Stored data:
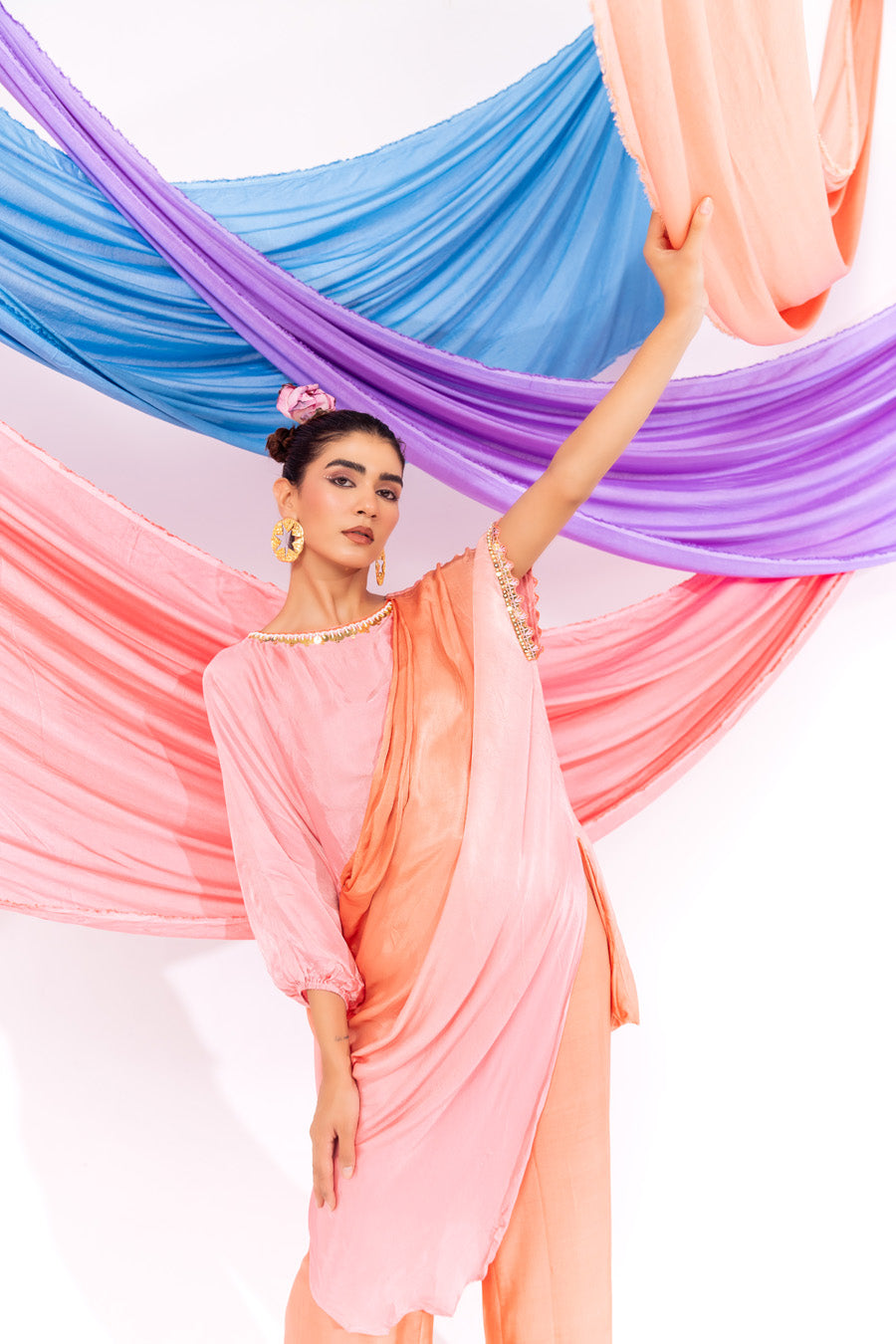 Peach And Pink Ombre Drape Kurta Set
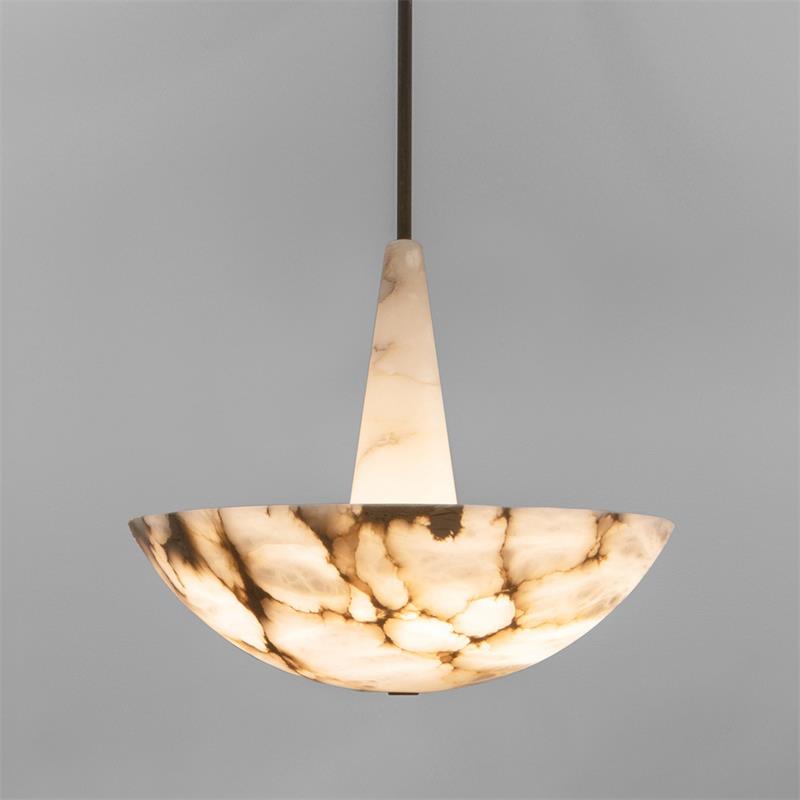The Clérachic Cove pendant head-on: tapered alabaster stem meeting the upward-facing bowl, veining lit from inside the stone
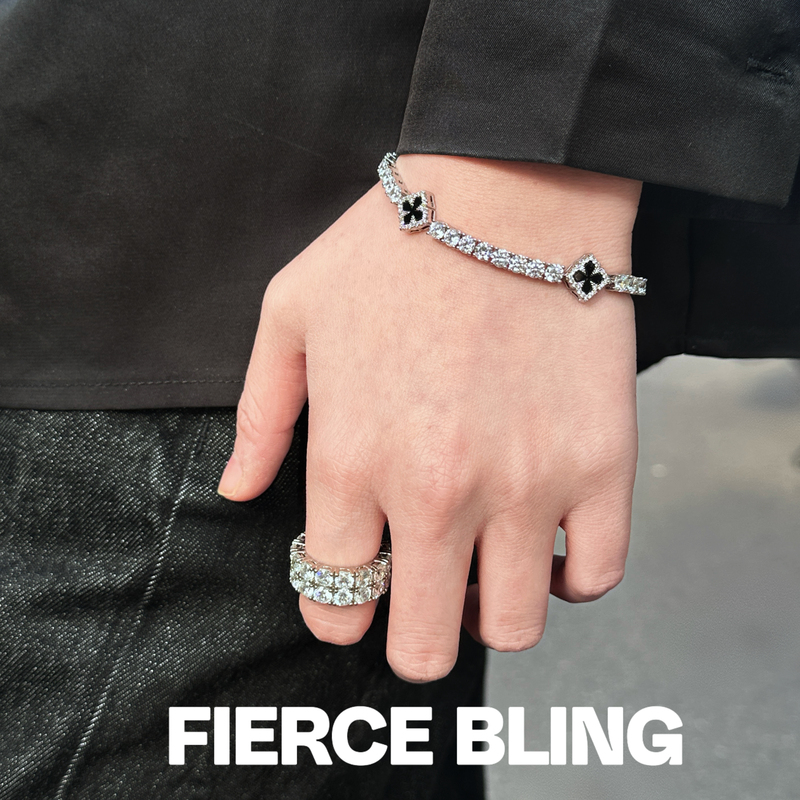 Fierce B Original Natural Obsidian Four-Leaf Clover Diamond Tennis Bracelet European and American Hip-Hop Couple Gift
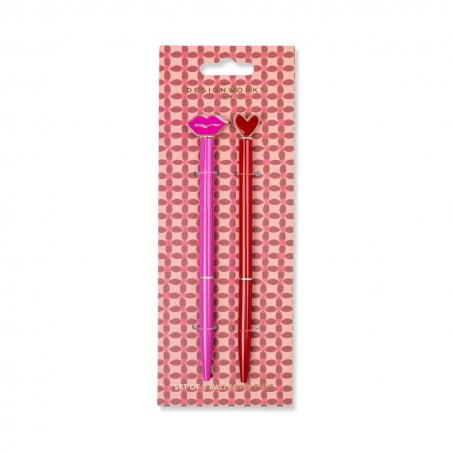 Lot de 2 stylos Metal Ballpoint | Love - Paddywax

Work order: Each line from the top of the material through the line containing "Fierce B Original" should be reproduced exactly; please drop any images.

Solution for this task:
 Peach And Pink Ombre Drape Kurta Set
The Clérachic Cove pendant head-on: tapered alabaster stem meeting the upward-facing bowl, veining lit from inside the stone
 Fierce B Original Natural Obsidian Four-Leaf Clover Diamond Tennis Bracelet European and American Hip-Hop Couple Gift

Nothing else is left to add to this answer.